Passado o argumento do tempo passado, Portas focou-se no tempo futuro. O tempo da “esperança” nesse tal “novo CDS” que irá começar a partir do próximo congresso e no qual deposita todas as fichas. E com a sua saída, garantiu, “o partido fará com total isenção uma escolha de futuro, que deve ter toda liberdade para se afirmar”.

O terceiro argumento para a sua saída tem a ver com o “novo ciclo político”. Aquele em que acredita que o CDS “só voltará a ser Governo com maioria absoluta”, até porque o contexto mudou. Não lhe chamou “geringonça”, mas garantiu “oposição ao Executivo de Costa. Contudo, Portas pede que se olhe para este novo tempo em que o voto útil não será muito mais relevante e “os portugueses darão mais valor a um partido que não é calculista e não é demagogo”.

Pelo caminho, e também no fim, Paulo Portas deixou uma “palavra” ao antigo companheiro de aventura, Passos Coelho. Disse-lhe que “as circunstâncias” dos dois “são diferentes”, que é como quem diz, não será pelo tempo de liderança do partido que Passos deverá seguir o exemplo e sair da presidência do PSD. E pelo conteúdo e pela situação atual? O ainda líder centrista não dá palpites sobre a casa do vizinho, diz apenas que teve “muito orgulho” no que fizeram enquanto Governo.

“Não tenham medo”

Paulo Portas insistiu na mensagem de esperança e confiança na nova geração do partido, pela qual, disse, puxou, incentivando os jovens dirigentes a andarem “pelo seu pé” e a “não dependerem da política”. Disse ainda conhecer e perceber, mas não estar excessivamente preocupado, “com a natural e muito democrática preocupação que possam ter neste momento os militantes e simpatizantes”.

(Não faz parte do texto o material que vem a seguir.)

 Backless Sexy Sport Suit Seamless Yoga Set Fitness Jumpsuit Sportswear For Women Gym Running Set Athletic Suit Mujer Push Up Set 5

“Porventura, a personalidade que mais marcou a minha geração disse um dia ‘não tenham medo, não tenham medo’. É isso que neste tempo de vésperas, para construir futuro, para passar o testemunho, para confiar em gente com muita qualidade, eu queria dizer em último lugar, como se fosse em primeiro. Não tenham medo, não tenham medo, confiem, o CDS vai ser capaz”, pediu o líder cessante.

A afirmação de Paulo Portas inclui uma dupla citação, por um lado, do papa João Paulo II, ao pedir “não tenham medo” e, por outro lado, do antigo presidente do CDS Adriano Moreira, ao usar a expressão “tempo de vésperas”.

O Conselho Nacional do partido, o órgão máximo entre congressos, reunirá no dia 8 de janeiro para convocar o 26.º Congresso, e definir o local, a data e os regulamentos da reunião magna dos centristas que estatuariamente é eletiva da liderança e teria de realizar-se em 2016.